How close is the fibre to you?

If your broadband connection is delivered down your copper 'phone line, your speed is fundamentally limited by the length of the line to the exchange (or where BT has rolled out FTTC, to the cabinet). Exact performance depends on many factors, but there is a fundamental inverse square law, and typical limits are of the order of 300m for 100Mb/s, 1km for 10Mb/s, 3km for 1Mb/s.

Some 85% of homes in the UK have more than 800 neighbours within 700 metres. We build maps that highlight such compact communities that are far from fibre. For example, most of Porthleven is more than 3km from the nearest exchange, as are substantial parts of East Kilbride, Nitshill and Hartlepool (these links should open in a new tab).

Google maps will only show a small number of hotspots at a time – and there are thousands of them. To explore your area, you can examine our hotspot maps on Google Earth, which can cope with large data sets. Clicking on the link should download a .kml file that can be opened in Google Earth. In Chrome, you can instruct the browser to "Always Open Files of this Type", or just open this one. For more detailed instructions see below.

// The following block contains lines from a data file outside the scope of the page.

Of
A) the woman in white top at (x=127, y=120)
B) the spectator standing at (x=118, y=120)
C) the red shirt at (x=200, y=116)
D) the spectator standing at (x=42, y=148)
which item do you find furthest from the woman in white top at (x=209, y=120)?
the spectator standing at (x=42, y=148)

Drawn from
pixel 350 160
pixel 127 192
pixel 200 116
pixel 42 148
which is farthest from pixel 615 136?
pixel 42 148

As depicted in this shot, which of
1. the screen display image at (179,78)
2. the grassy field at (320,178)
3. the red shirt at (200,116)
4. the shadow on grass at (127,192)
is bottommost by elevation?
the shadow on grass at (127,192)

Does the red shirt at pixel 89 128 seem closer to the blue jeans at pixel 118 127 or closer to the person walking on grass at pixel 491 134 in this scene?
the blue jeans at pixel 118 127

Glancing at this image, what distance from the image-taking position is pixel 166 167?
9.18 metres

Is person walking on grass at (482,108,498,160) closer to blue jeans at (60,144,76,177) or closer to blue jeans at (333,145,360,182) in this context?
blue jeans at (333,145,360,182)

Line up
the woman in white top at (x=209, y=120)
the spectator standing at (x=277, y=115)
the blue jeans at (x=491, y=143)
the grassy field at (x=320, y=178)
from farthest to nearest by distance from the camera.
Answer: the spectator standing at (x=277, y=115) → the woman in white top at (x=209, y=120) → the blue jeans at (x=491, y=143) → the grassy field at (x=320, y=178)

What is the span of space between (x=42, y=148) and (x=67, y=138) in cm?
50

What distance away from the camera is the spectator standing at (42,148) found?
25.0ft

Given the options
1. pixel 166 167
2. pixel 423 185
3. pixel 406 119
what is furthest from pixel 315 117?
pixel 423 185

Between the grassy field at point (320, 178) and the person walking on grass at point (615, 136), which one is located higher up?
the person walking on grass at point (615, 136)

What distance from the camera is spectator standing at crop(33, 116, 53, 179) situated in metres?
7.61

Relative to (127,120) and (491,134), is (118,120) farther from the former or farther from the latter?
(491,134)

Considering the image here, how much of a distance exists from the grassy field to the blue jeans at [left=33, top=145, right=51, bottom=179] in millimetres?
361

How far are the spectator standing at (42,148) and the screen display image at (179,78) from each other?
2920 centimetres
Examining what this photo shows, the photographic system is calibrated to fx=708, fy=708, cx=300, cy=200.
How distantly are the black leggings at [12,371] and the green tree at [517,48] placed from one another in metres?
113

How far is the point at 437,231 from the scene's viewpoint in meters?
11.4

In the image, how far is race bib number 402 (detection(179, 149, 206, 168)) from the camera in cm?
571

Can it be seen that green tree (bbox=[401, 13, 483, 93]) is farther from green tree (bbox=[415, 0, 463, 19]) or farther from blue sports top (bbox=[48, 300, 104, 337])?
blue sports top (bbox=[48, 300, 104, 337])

The hotspots on these maps are likely to be not-spots. Hopefully many of these areas will be served by FTTC, and we'll be happy to update the maps if someone can provide positions of FTTC cabinets - or any other NGA provision.

If, however, you live in a hot not-spot, you should find out what plans there are to bring fibre to your community. You won't get NGA (say > 20 Mb/s) over more than 1km of copper
phone line - and for 100Mb/s speeds your copper ration is < 400m. You can see what BT's 'Superfast' Broadband plans are (as of April 2012) by clicking on the pin representing each exchange.

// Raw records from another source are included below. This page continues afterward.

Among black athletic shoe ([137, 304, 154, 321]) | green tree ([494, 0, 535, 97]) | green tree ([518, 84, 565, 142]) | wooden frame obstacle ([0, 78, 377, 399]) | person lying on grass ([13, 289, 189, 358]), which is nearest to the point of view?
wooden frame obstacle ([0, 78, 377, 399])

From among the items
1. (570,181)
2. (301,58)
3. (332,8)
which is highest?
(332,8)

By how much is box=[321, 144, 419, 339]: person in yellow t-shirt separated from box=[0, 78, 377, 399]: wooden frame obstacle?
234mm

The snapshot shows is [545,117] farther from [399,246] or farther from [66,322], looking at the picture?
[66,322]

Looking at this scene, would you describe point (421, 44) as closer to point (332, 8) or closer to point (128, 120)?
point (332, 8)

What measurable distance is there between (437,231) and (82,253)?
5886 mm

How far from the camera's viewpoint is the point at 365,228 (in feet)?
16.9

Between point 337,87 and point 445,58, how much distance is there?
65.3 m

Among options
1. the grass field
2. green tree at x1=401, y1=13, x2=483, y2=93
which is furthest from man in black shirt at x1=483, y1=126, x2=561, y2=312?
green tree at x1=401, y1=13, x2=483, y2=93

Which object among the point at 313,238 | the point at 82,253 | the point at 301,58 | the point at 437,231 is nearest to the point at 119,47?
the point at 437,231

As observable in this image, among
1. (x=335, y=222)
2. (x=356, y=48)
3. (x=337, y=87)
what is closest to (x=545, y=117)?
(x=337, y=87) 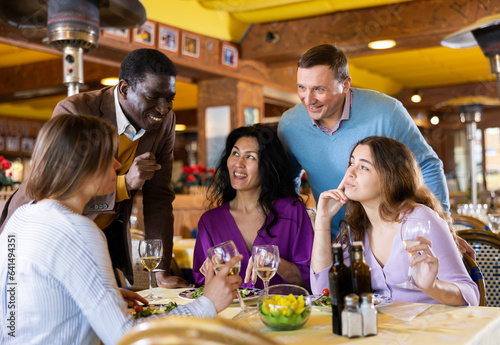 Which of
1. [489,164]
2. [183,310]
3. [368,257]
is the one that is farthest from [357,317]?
[489,164]

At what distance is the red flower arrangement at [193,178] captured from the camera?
5.70 metres

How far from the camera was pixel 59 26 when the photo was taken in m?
2.96

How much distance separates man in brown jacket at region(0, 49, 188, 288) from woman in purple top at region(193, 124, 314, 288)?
0.22 meters

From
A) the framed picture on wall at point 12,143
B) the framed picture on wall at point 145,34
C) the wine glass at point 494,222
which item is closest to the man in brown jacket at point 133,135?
the wine glass at point 494,222

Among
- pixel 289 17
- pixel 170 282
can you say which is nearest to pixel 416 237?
pixel 170 282

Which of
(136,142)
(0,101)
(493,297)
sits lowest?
(493,297)

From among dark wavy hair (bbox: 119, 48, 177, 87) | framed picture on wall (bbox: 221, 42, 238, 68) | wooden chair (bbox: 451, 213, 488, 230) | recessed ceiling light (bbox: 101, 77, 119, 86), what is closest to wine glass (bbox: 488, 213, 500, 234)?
wooden chair (bbox: 451, 213, 488, 230)

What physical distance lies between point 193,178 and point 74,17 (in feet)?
9.44

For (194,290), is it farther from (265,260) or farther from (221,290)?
(221,290)

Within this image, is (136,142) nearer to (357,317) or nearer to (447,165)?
(357,317)

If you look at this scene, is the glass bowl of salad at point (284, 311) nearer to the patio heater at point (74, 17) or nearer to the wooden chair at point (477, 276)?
the wooden chair at point (477, 276)

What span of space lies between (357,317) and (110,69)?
21.8ft

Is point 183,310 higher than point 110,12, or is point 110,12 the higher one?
point 110,12

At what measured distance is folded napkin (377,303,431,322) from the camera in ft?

If you live in a less-densely populated community (with fewer than 800 neighbours within 700 metres) then you might want to plan a community network to bring NGA to your homes and you should be asking where you can access affordable fibre backhaul nearby.

Caveats

Our distance computations were based on Sam Knows data, from which some exchanges are missing - so in a few instances you may find an exchange marked inside a 'hotspot'. The Open Reach data does not always plot the exchanges accurately. Some are a few hundred metres from their true positions. The Sam Knows data has similar (but different) errors.

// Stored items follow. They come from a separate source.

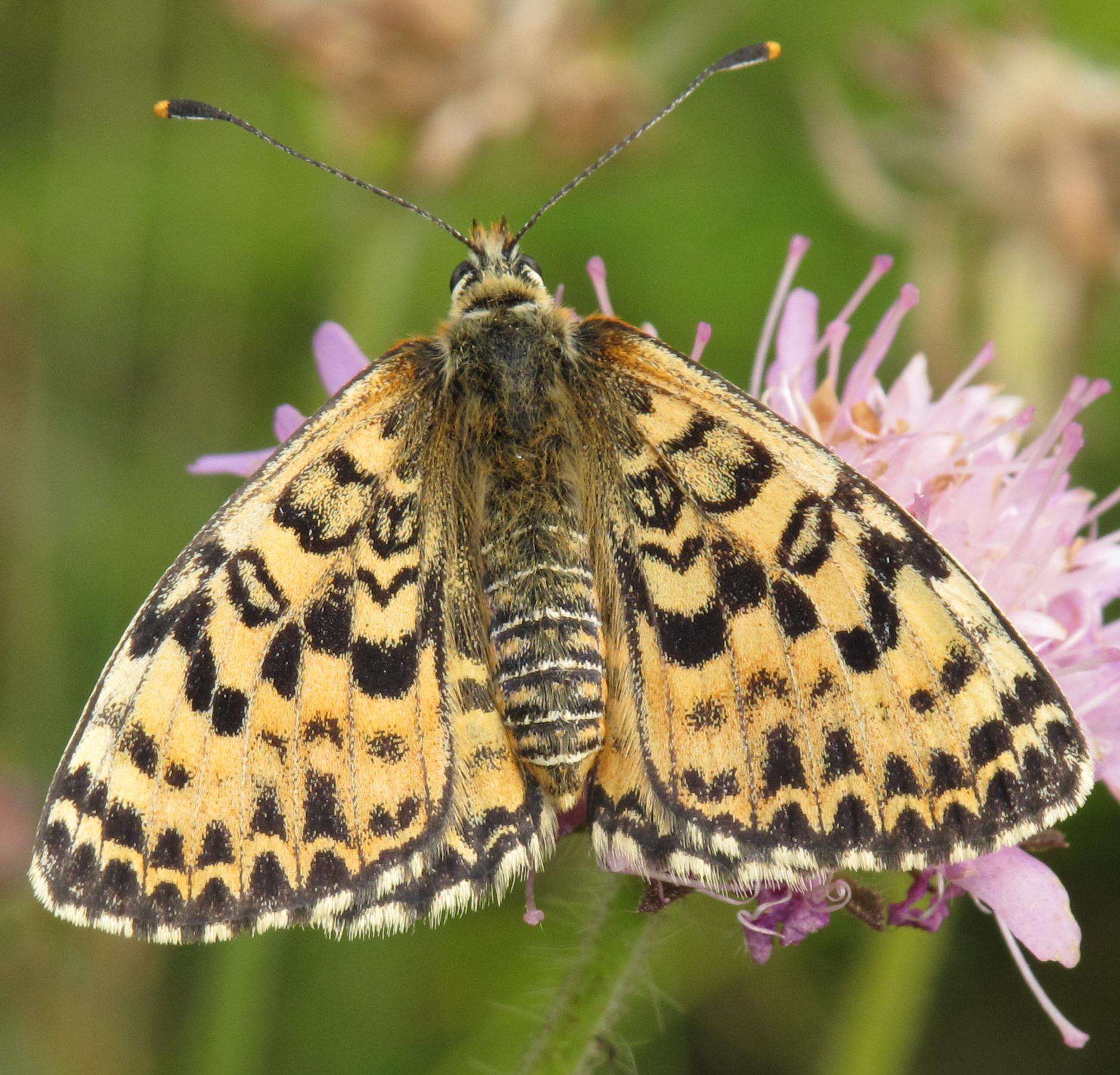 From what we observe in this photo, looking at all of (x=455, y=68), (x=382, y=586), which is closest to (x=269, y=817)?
(x=382, y=586)

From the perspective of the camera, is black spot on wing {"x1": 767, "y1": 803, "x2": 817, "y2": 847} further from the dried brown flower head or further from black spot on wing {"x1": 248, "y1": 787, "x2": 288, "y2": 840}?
the dried brown flower head

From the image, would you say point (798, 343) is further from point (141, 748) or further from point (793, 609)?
point (141, 748)

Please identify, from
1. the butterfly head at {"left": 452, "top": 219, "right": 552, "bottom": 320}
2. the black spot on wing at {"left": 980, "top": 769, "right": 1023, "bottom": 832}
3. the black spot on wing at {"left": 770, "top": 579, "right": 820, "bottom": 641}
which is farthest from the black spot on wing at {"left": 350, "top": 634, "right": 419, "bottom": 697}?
the black spot on wing at {"left": 980, "top": 769, "right": 1023, "bottom": 832}

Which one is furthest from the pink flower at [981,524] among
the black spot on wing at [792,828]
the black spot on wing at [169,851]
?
the black spot on wing at [169,851]

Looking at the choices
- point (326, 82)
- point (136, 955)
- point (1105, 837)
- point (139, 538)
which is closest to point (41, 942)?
point (136, 955)

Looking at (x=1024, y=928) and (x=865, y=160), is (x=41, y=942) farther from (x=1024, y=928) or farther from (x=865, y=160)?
(x=865, y=160) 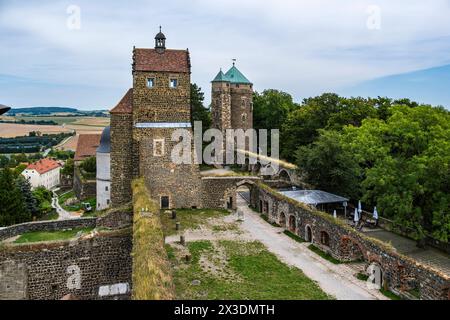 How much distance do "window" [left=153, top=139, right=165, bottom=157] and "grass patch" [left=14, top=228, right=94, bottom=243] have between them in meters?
7.44

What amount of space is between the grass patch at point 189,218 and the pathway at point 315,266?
260cm

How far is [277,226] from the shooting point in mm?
25172

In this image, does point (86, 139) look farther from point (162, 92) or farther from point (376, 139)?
point (376, 139)

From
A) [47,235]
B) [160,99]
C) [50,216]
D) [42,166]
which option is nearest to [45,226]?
[47,235]

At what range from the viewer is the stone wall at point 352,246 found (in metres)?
13.1

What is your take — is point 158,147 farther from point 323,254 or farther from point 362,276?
point 362,276

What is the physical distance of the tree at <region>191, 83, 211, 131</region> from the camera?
4884cm

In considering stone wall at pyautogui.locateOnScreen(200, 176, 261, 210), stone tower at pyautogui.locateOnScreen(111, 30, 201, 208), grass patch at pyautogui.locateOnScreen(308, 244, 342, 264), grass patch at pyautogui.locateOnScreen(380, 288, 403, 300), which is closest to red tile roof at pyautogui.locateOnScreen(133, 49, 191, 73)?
stone tower at pyautogui.locateOnScreen(111, 30, 201, 208)

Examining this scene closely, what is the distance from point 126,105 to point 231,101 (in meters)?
24.7

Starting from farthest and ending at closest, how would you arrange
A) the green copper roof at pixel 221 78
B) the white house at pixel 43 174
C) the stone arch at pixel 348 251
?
the white house at pixel 43 174, the green copper roof at pixel 221 78, the stone arch at pixel 348 251

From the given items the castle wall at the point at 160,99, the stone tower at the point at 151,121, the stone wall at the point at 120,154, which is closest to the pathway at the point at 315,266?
the stone tower at the point at 151,121

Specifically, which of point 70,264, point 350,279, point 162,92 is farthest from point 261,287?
point 162,92

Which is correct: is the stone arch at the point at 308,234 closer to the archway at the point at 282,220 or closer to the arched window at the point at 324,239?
the arched window at the point at 324,239

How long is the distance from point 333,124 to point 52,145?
108786 mm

Because there is no publicly available dataset of cabinets, we cannot plot your distance from the cabinet. Likewise, we have no data on the Virgin network. You may be getting superfast access from within one of our hotspots – in which case lucky you! Do let us know, in the comments below.

More detail

When you import the .kml file into Google Earth, you should see a new entry appear in the GE sidebar. Zoom in to your area of interest. Once you zoom in far enough your local exchanges should appear. Click on the 'pushpin' to see BT's plans for SFBB at this exchange.

Click on the triangle to open the 'Digital Britain?' folder.

Open the 'Compact Communities' folder to see, and select, the various heatmaps available.